Daulat mengatakan, pemerintah telah menargetkan agar Indonesia bisa tembus dalam 35 besar Ease of Doing Business (EODB) versi Bank Dunia pada tahun depan. Menurutnya, jaminan fidusia sangat penting terutama dalam pemberian getting credit terhadap benda bergerak dari lembaga keuangan selaku debitur kepada kreditur dari masyarakat.

BACA JUGA: Kanwil Kemenkumham Sulut Beber Kinerja di Depan Wantimpres

Namun, seiring berkembangnya zaman, ada cara-cara penjualan secara kredit atas benda bergerak yang belum diatur dalam UU Jaminan Fidusia. “Perlu dilakukan reformasi penjaminan benda bergerak dan memperjelas kedudukan kreditur preferen dan kokuren serta lainnya,” kata Daulat saat menyampaikan paparannya pada acara Uji Publik Kajian Perubahan Peraturan Perundang-Undangan di Bidang Fidusia dengan tema Refleksi 18 Tahun UU Fidusia di Hotel Aston Denpasar, Bali, Kamis (7/9/).

Saat ini, getting credit di Indonesia terutama dalam hal jaminan fidusia sudah mengalami banyak perbaikan di bidang pelayanan. Misalnya, ada pendaftaran melalui aplikasi fidusia online yang hanya membutuhkan 7 menit.

BACA JUGA: WBP Lapas Tangerang Dibina untuk Mengelola Industri Garmen

Direktur Perdata  Ditjen AHU Daulat P. Silitonga (nomor 2 dari kanan) dalam acara Uji Publik Kajian Perubahan Peraturan Perundang-Undangan di Bidang Fidusia dengan tema Refleksi 18 Tahun UU Fidusia di Hotel Aston Denpasar, Bali, Kamis (7/9/). Foto: Kemenkumham

BACA JUGA: Ini Usul Kemenkumham ke Gloria Natapradja agar Bisa Jadi WNI

Layanan itu bermanfaat untuk membuka akses fidusia online bagi perbankkan, perusahaan pembiayaan dan masyarakat perorangan. Bahkan, masyarakat dapat mengecek sendiri barang yang akan dijaminkan, lalu mencetak sendiri sertifikat fidusia.

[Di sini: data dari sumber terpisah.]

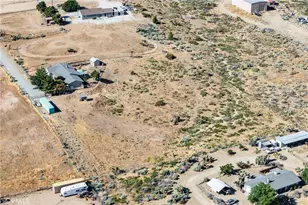 8650 Cowberry Rd, Phelan, CA 92371 - Photo 44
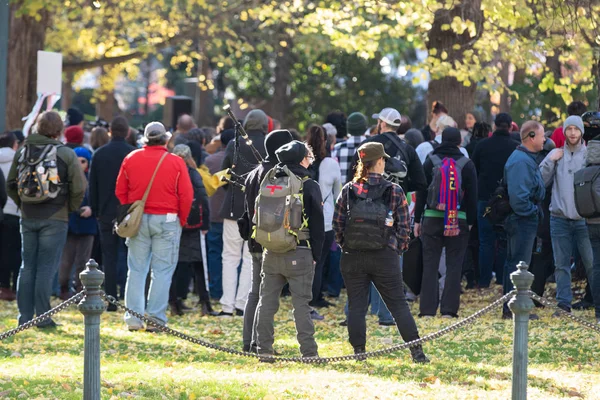 Portland Lub Usa Listopada 2018 Taśmą Dwa Kobiece Ulicy Medyków — Zdjęcie stockowe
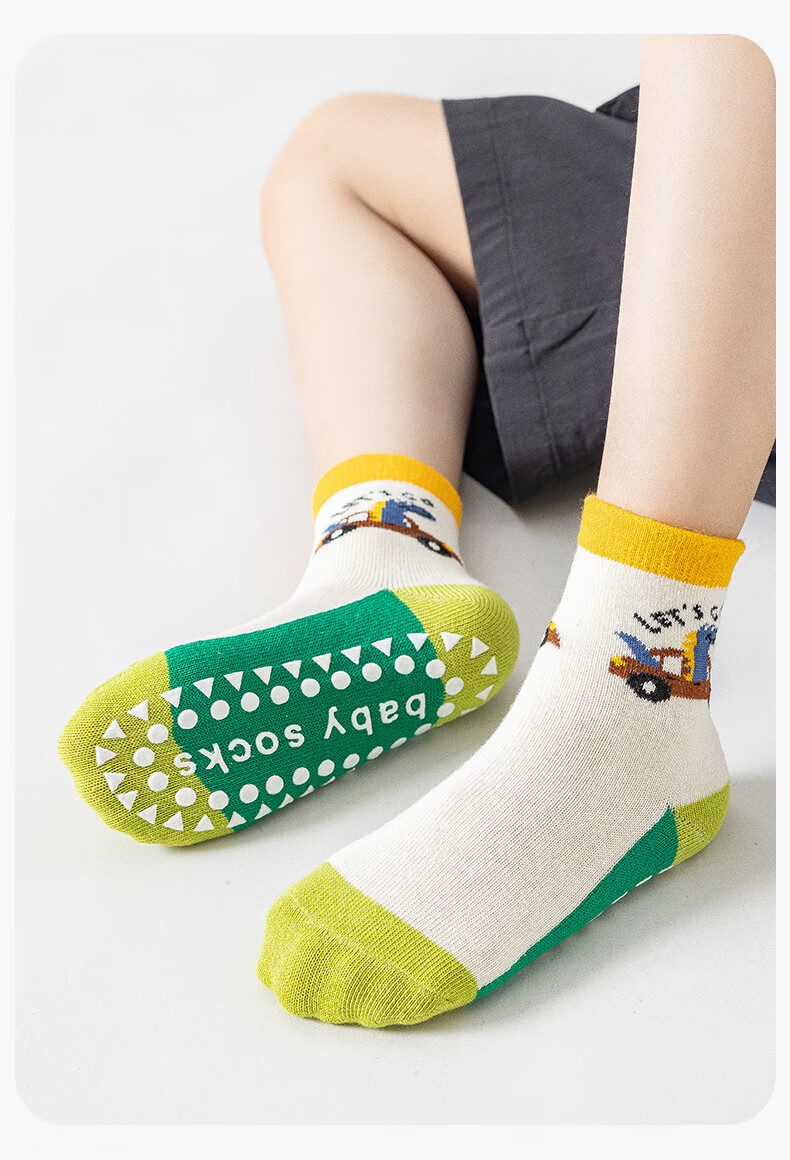 MiiOW Kids Non-Slip Anti-Cold Cotton Autumn Winter Boys Floor Socks Cartoon Green Dinosaur Sports Indoor Baby Socks 15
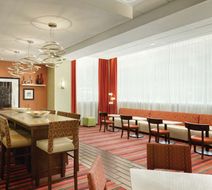Hampton Inn St Albans Lobby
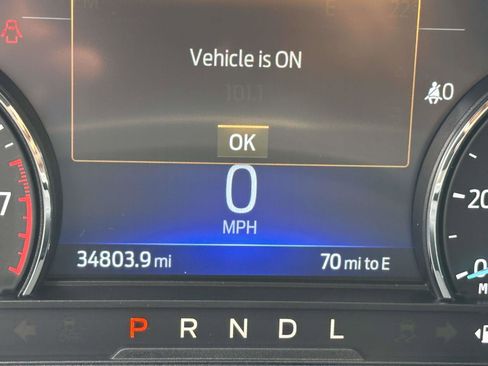 Used 2022 Ford Explorer XLT w/ Equipment Group 202A AWD/4WD image 27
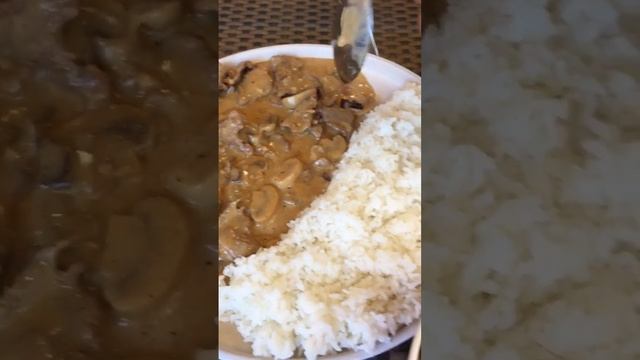 Beef Stroganoff/Sour Cream French Fries смотреть онлайн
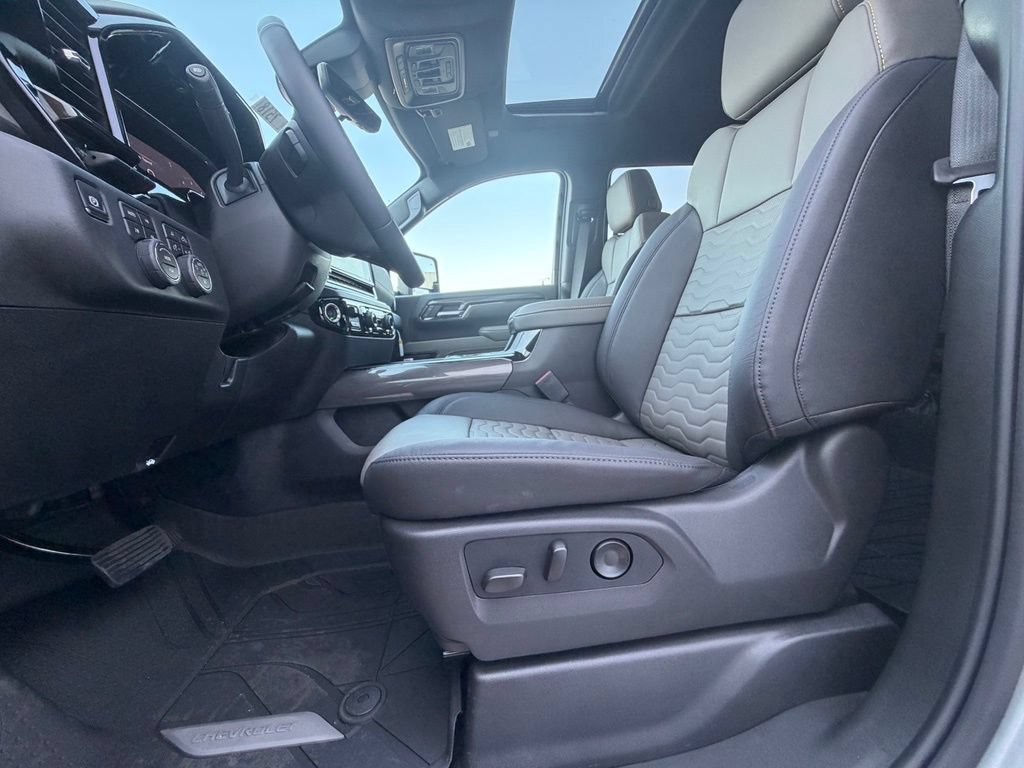 New 2026 Chevrolet Silverado 2500 ZR2 AWD/4WD image 17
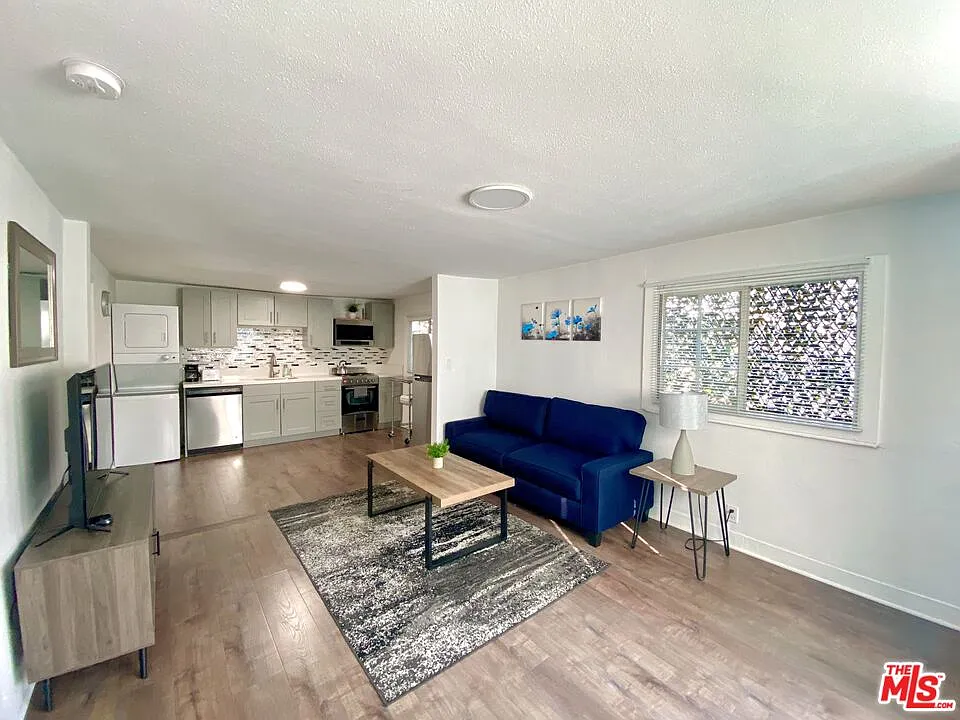 2 bed, $2,700 — Photo 2
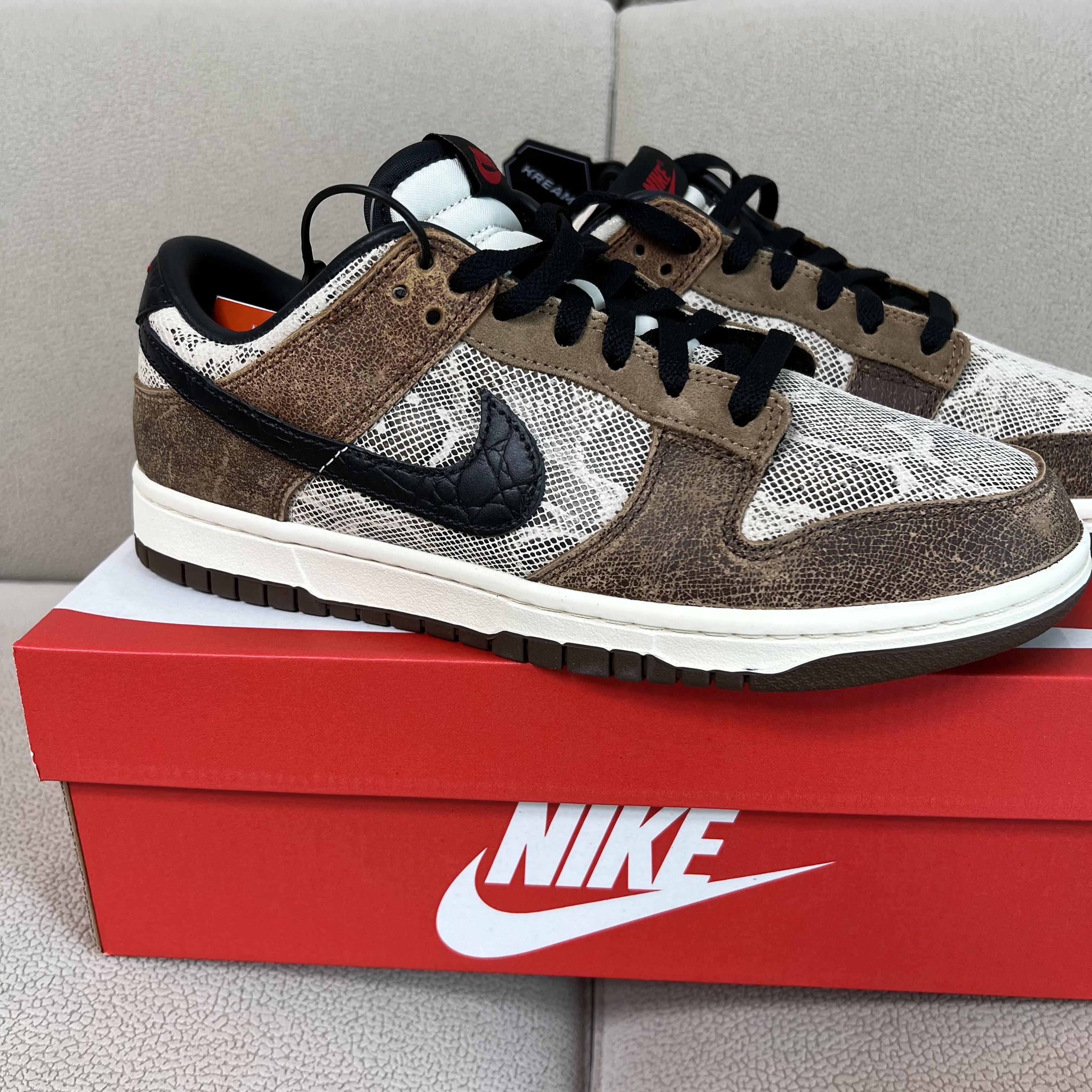 Nike Dunk Low PRM Head to Head 착용 스타일 - 1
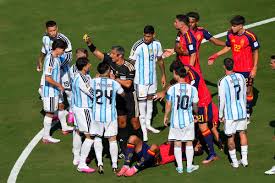 Final del Mundial: la tensión aumenta en medio del juego físico, un empujón por la espalda provoca la segunda tarjeta amarilla para Argentina
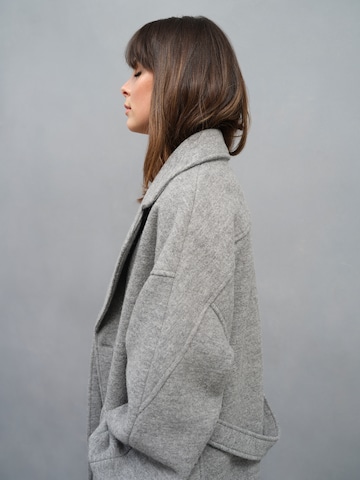 A LOT LESS Overgangsfrakke 'Laila' i grå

Selain itu, perbaikkan dalam sertifikat fidusia juga bisa dilakukan secara online. Hanya saja, kata Daulat, masih ada hal yang perlu dilengkapi.

“Perubahan ini masih kurang dalam bidang regulasi, terutama pada UU Nomor 42 Tahun 1999 tentang Jaminan Fidusia. Sehingga perlu ada amandemen dalam UU tersebut agar layanan ini bisa mendongkrak peringkat Indonesia di EODB,” ujarnya.

Daulat menuturkan, posisi Indonesia dalam EODB 2017 masih di peringkat ke-91. Padahal, pemerintahan Joko Widodo-Jusuf Kalla menargetkan Indonesia bisa menembus 40 besar EODB.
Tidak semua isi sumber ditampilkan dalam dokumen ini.